PROMESA’s Dangerous Premises
Improving Puerto Rico’s economic dynamics will require a new set of policies, including a debt restructuring that provides the country with the relief it needs to implement policies that enable a restoration of growth. But the ten-year fiscal plan that will provide the basis of debt-restructuring decisions could make a bad situation worse.
NEW YORK – Puerto Rico’s economy is in deep trouble. More than a decade of recession has made the public debt unsustainable and is fueling migration outflows to the United States mainland, affecting the lives of thousands of families and imposing a higher burden on those who stay. Reversing this destabilizing dynamic will require a debt restructuring that provides the relief needed to implement pro-growth policies. Unfortunately, what is being offered isn’t nearly enough.
Puerto Rico’s debt is to be restructured under a framework established by the Puerto Rico Oversight, Management, and Economic Stability Act (PROMESA). That federal law, enacted in June 2016, also established an Oversight Board with fiscal decision-making authority for the US commonwealth.
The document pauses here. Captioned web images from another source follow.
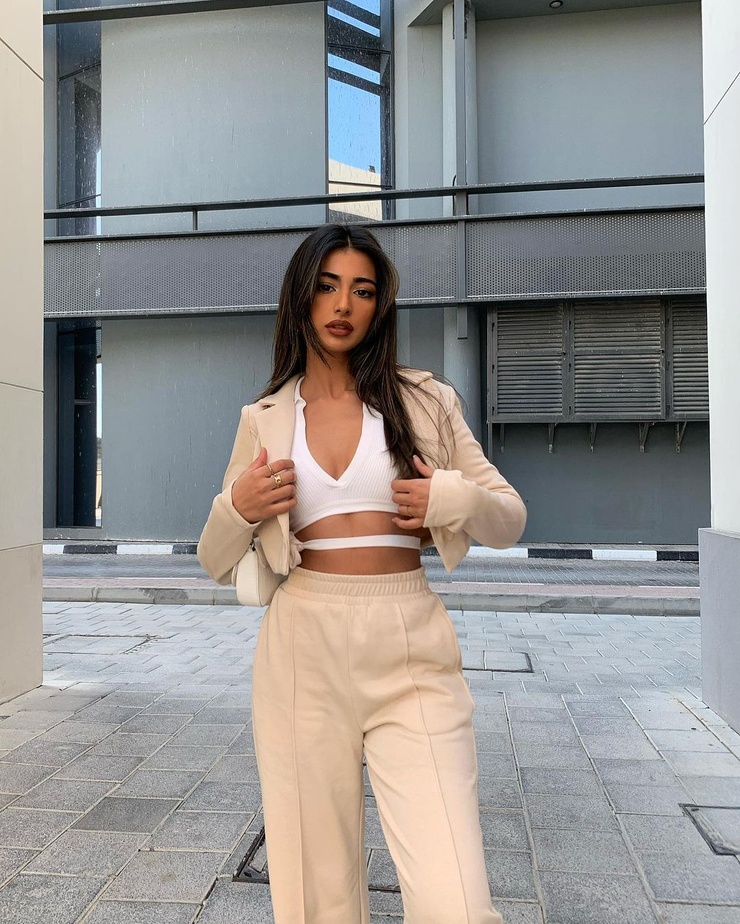 Iffat Marashi
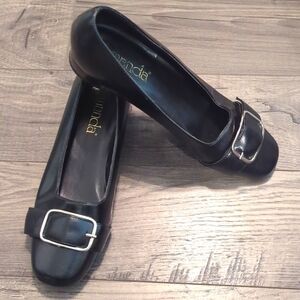 Amanda ® Flats w/Buckle Design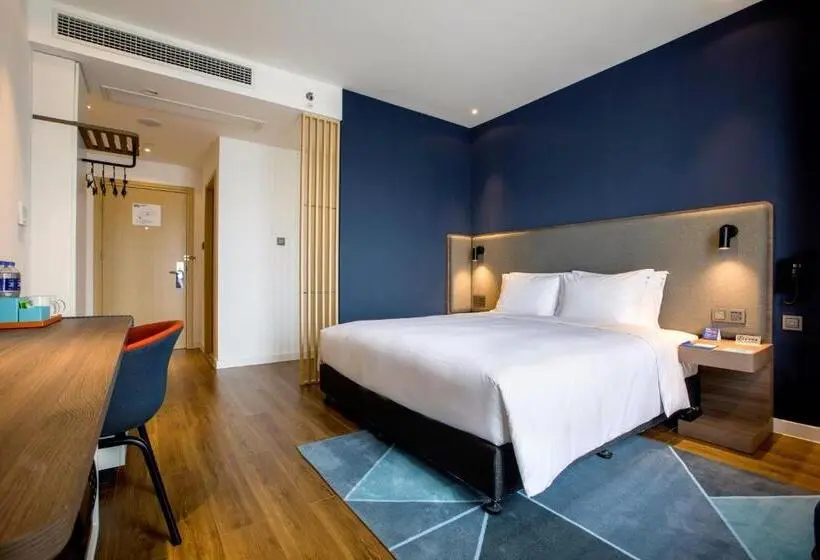 身障者適用キングサイズベッドルーム, Holiday Inn Express Zhangjiagang Free Trade Zone, An Ihg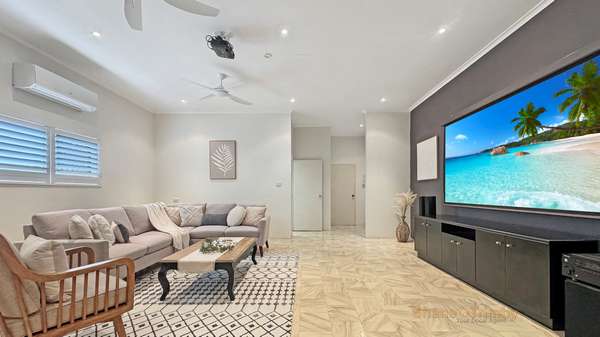 30 Simon Street, Freshwater - Thumbnail 5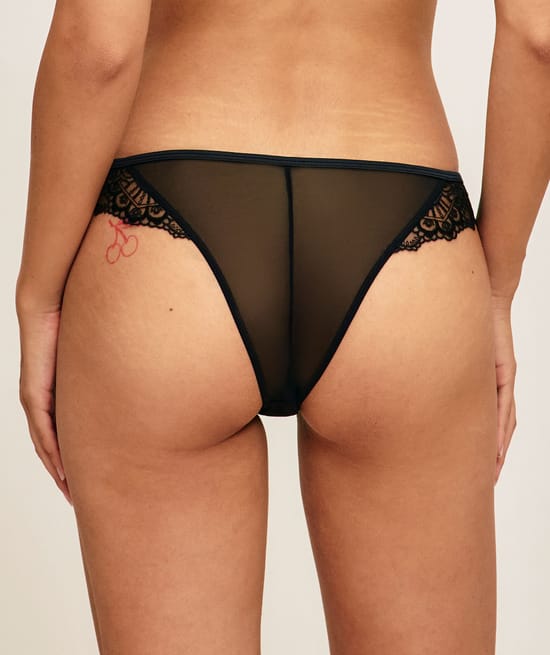 Tanga en mesh avec broderie;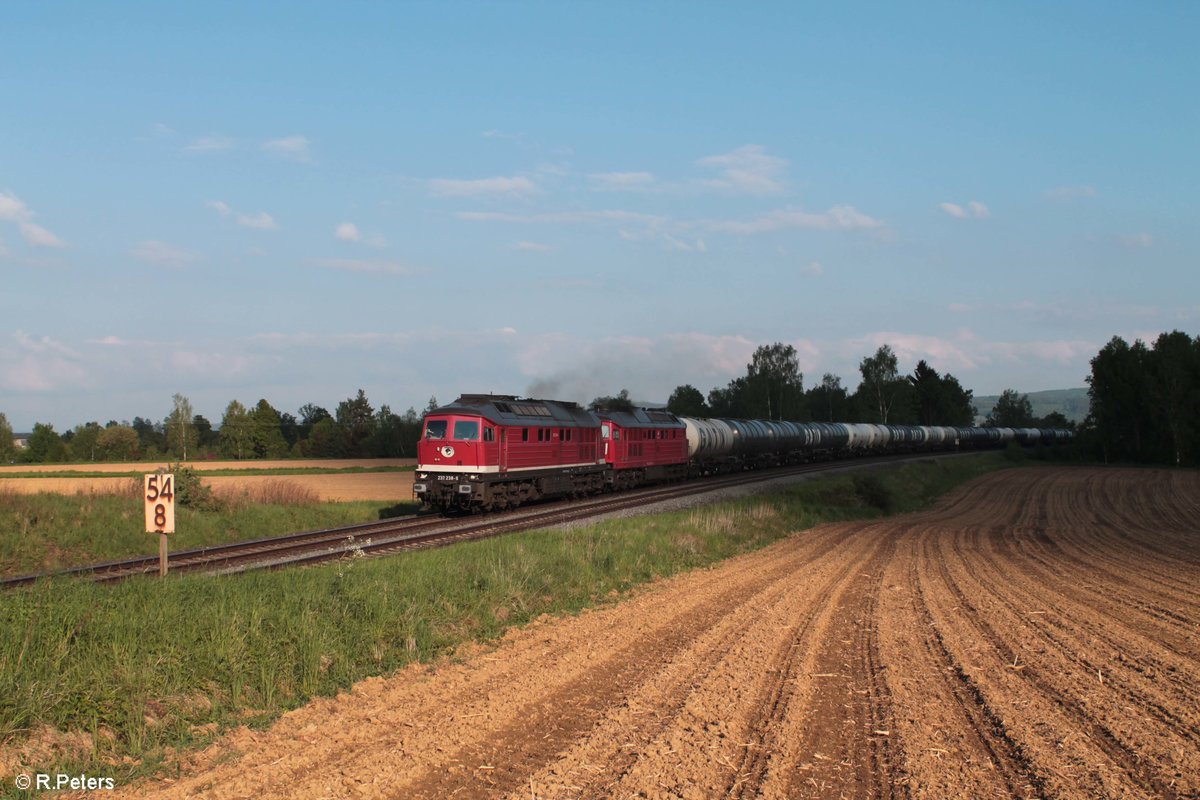 232 238 und 232 673 ziehen den Kesselzug von Sand Hafen Niederbayern nach Bitterfeld bei Unterthölau. 11.05.18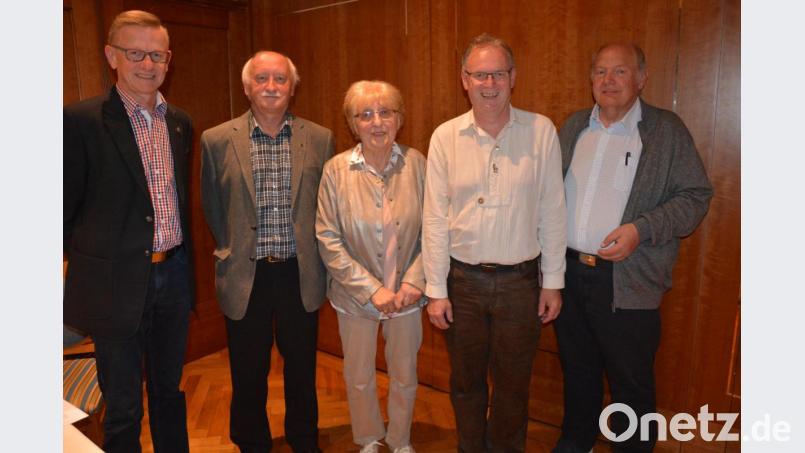 Nur wenige der zu ehrenden Mitglieder waren gekommen. Von links Ferdinand Sperber, Gerald Hruby, Rosemarie Selch, Reinhard König (alle für 25 Jahre), sowie Zweiter Vorsitzender Karl Kunz. Bild: jr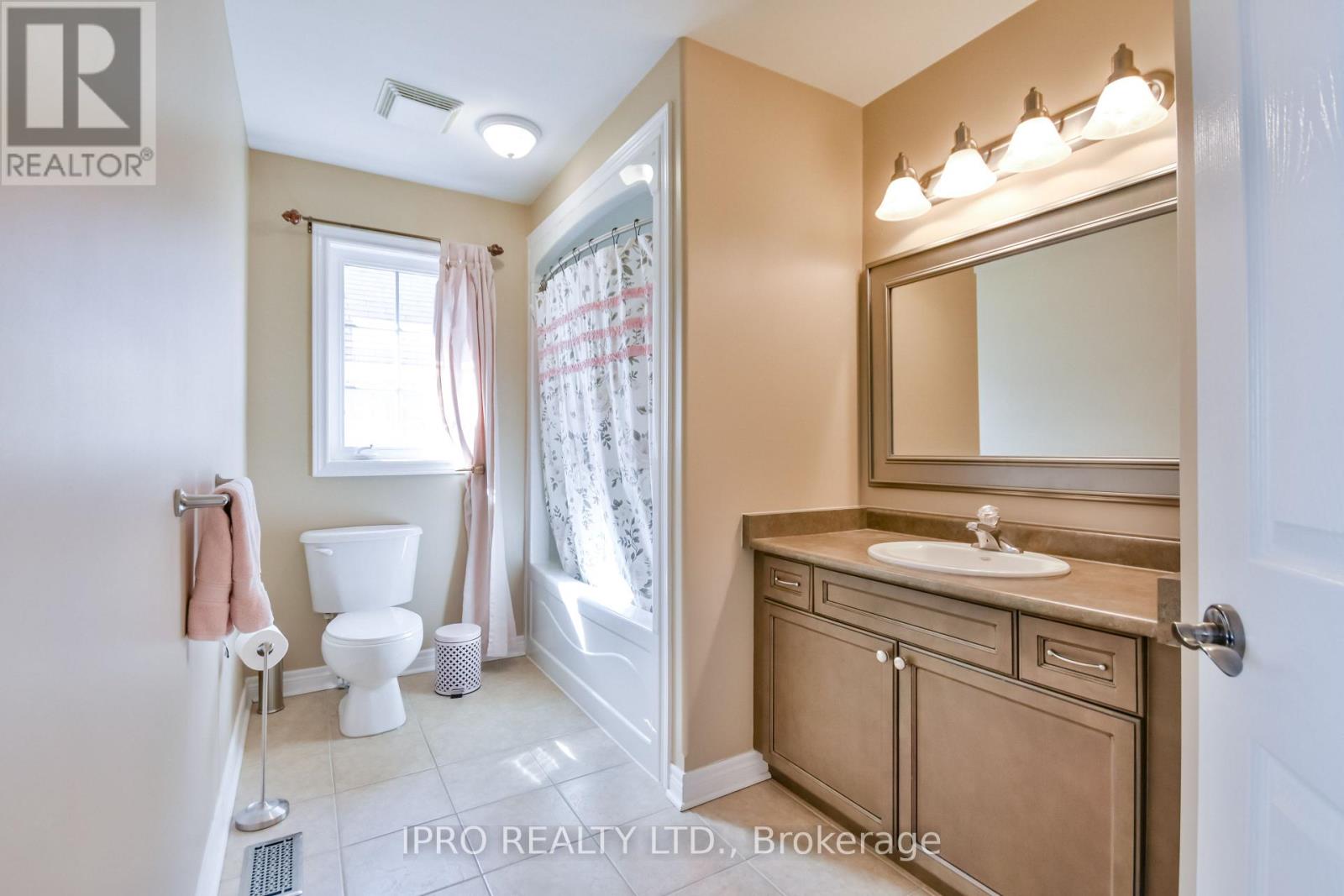 79 Sovereign's Gate, Barrie (Innis-Shore), Ontario  L4N 0Y9 - Photo 28 - S12152263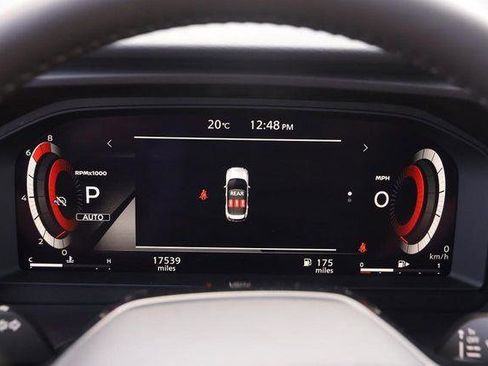 Used 2025 Nissan Rogue SL w/ SL Premium Package AWD/4WD image 15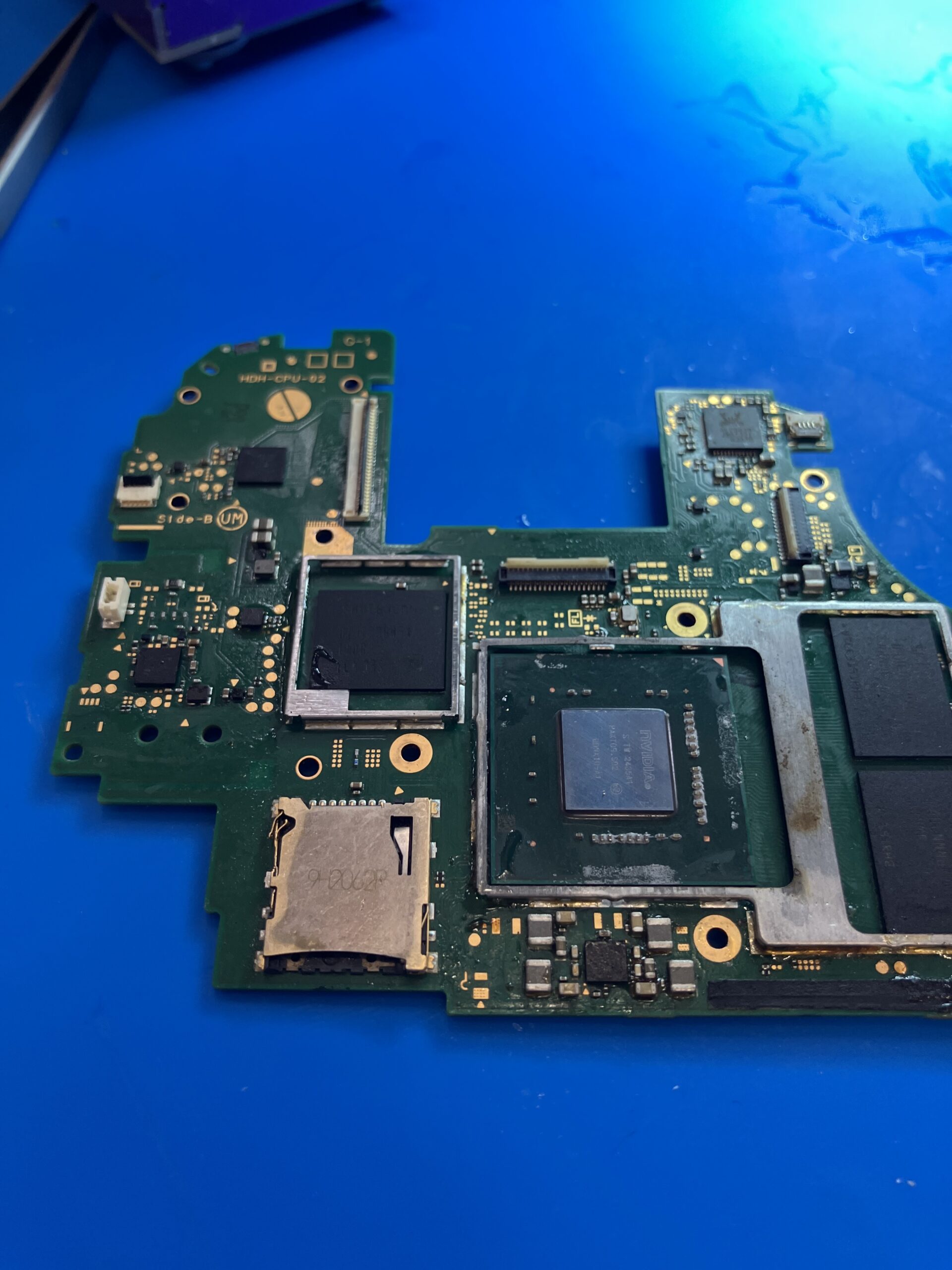 Switch LiteのCPUとNANDフラッシュをドナー基板へ移植した状態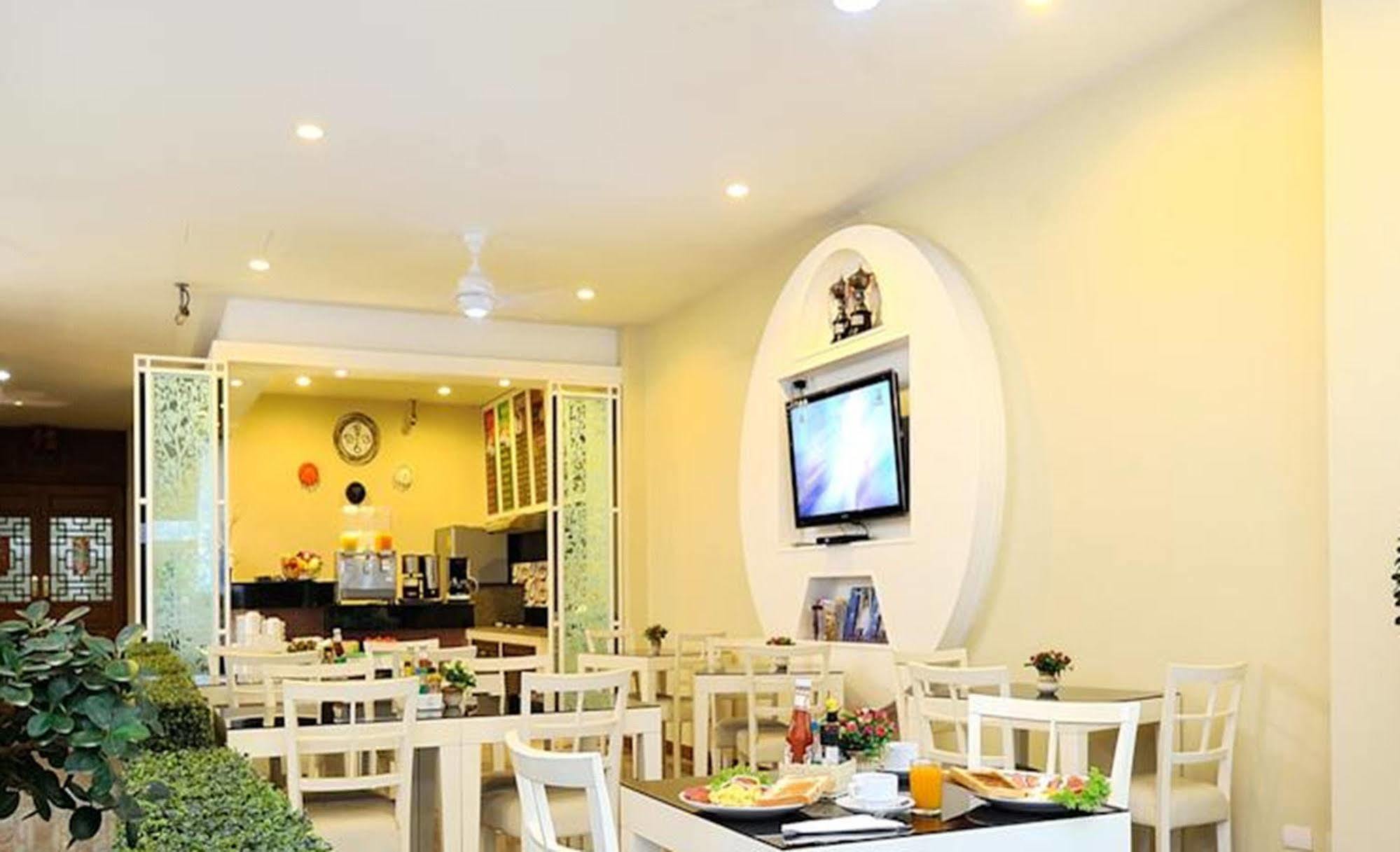 Pimrada Hotel Patong Exteriör bild
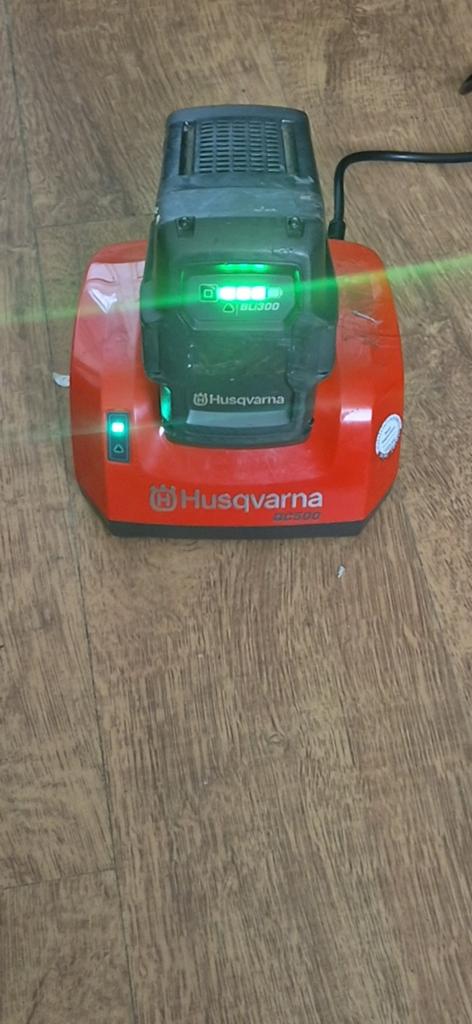 Husqvarna Lader QC500 met BLI300 Accu, Ophalen of Verzenden, Zo goed als nieuw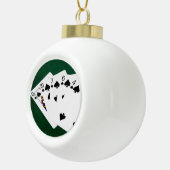 トランプのポーカーハンド – フラッシュ – スペードスーツ セラミックボールオーナメント (右)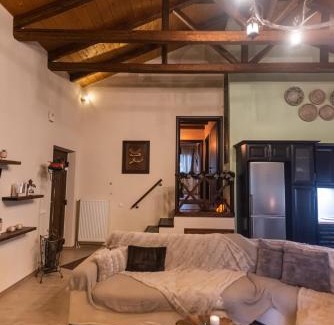 Klavsion House | Ονειροπαγιδα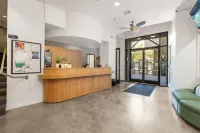 Little Italy Inn - Limited Service Apart Hotel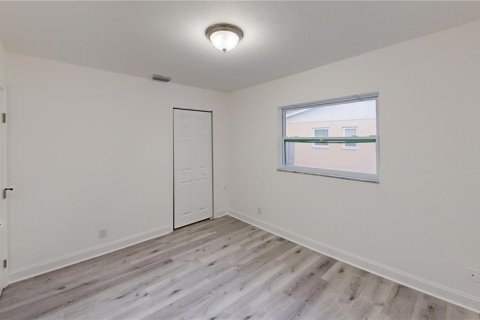 House in Tampa, Florida 4 bedrooms, 143.07 sq.m. № 2098868 - photo 15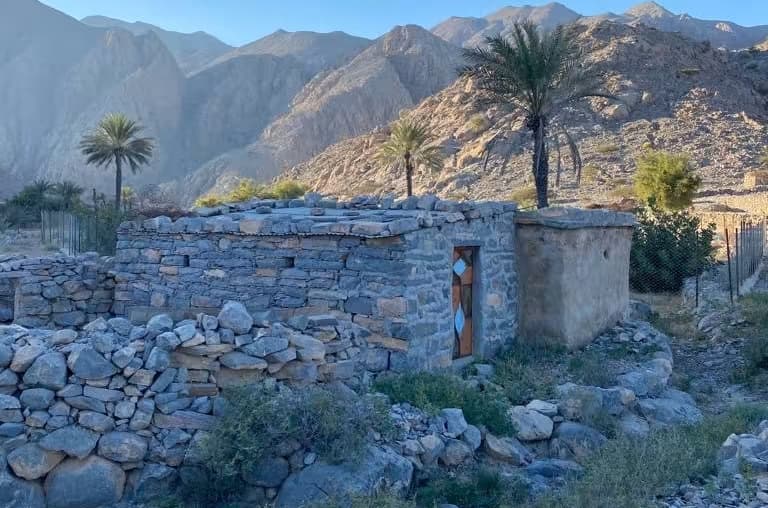 Фотограф из Эмиратов сделал редкий снимок 250-летнего инструмента для консервирования кофе в Рас-эль-Хайме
The restructuring process started on May 3, when the Board filed a petition in federal court. But many crucial decisions have yet to be taken, such as how much overall debt relief will be provided, and how the “haircut” will be distributed among holders of different types of bonds. These decisions will determine which policies are feasible to boost Puerto Rico’s economic prospects – and thus how much it can pay its creditors.